Research | Jiang Han: Using the difference-in-differences design with panel data in international business research: progress, potential issues, and practical suggestions
Difference-in-differences (DID) is a popular design of causal inference in social science research. The rationale is to identify a particular event (the treatment) that influences some subjects (the treated group) but not others (the control group) and compare the differences in an outcome of interest between the treated and control groups before and after the treatment. This design constitutes a quasi-experiment that helps rule out confounding effects. As such, when applied with panel data (or, time-series cross-sectional data), DID design offers robust causal inference in terms of Granger causality between the time series of the treatment and that of the outcome of interest.
The collaborative research conducted by Professor Jiang Han of the School of Management and Economics, The Chinese University of Hong Kong, Shenzhen, titled "Using the Difference-in-Differences Design with Panel Data in International Business Research: Progress, Potential Issues, and Practical Suggestions," reviewed the advancements in the application of the Difference-in-Differences (DID) methodology based on panel data within the realm of international business research. The study highlights that the DID design is gaining increasing popularity in this field; however, it also points out that violations of underlying assumptions during its application may lead to drastic estimation biases.
Recently, this research has been accepted and published by the top international journal, the Journal of International Business Studies.

Author

Jiang Han
Assistant Dean (Education), Assistant Professor, School of Management and Economics, CUHK-Shenzhen
Research Area
Social network and social capital, Corporate governance and strategic leadership, Entrepreneurship and venture financing, Global supply chains and cross-border M&A
Abstract
Difference-in-differences (DID) is a popular design of causal inference in social science research. The rationale is to identify a particular event (the treatment) that influences some subjects (the treated group) but not others (the control group) and compare the differences in an outcome of interest between the treated and control groups before and after the treatment. This design constitutes a quasi-experiment that helps rule out confounding effects. As such, when applied with panel data (or, time-series cross-sectional data), DID design offers robust causal inference in terms of Granger causality between the time series of the treatment and that of the outcome of interest.

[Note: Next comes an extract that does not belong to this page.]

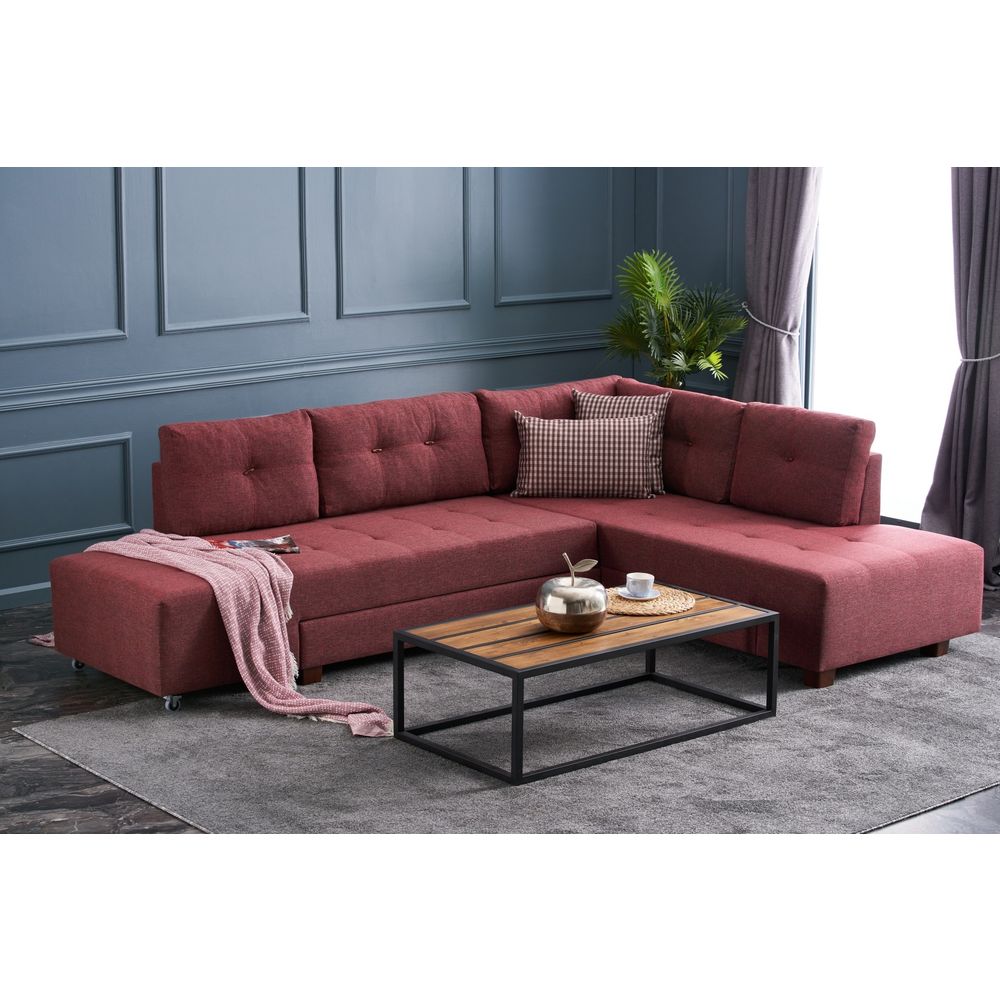 Ugaona Sofa na Razvlačenje Manama - Desni Kut - Boja Crvenog Vina slika 2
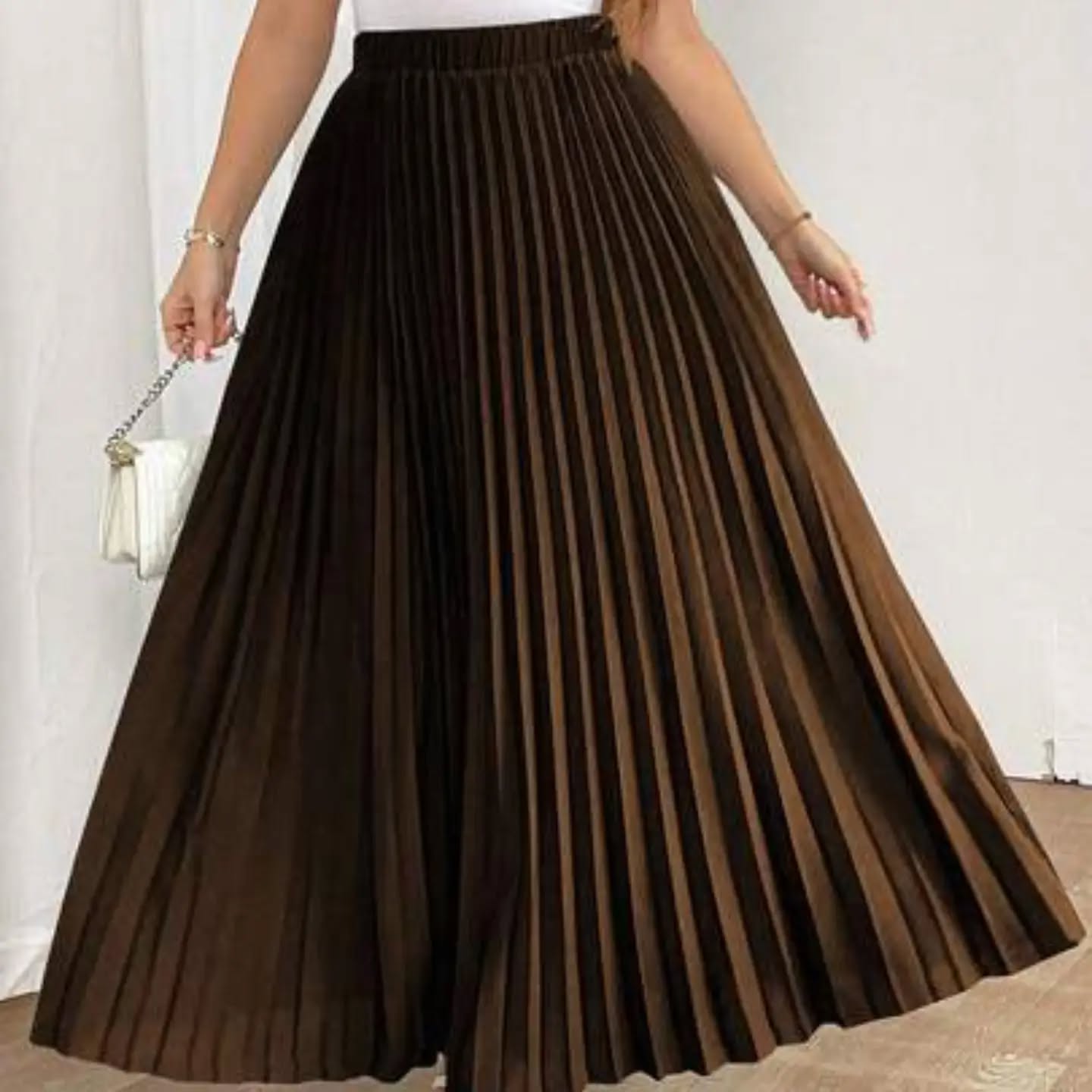 SHEIN Tall Elegant Casual Vacation Women's Loose Pleated Skirt With Elastic Waist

This rationale of DID design aligns well with the nature of international business (hereafter, IB) research. Firms’ IB practices are jointly shaped by location-specific factors in different countries and firm- and industry-specific factors in global value networks. Therefore, IB research often seeks to unveil the cause-and-effect implications (or, treatment effects) of critical events that shift these factors at the country, industry, or firm level for firms’ global strategies and international operations. Moreover, as the impacts of these critical events in the IB contexts often last over years and affect different firms at different time points, IB research commonly relies on panel data to capture such treatment effects. In this regard, DID design offers a superior empirical solution in line with such key features of IB research. Commensurately, ever more studies using DID design with panel data have been published over the past decade. For example, among the 131 empirical studies published in the Journal of International Business Studies between 2020 and 2022, a sizable portion (18 studies, 13.0%) applied DID design with panel data as at least part of their empirical methodologies.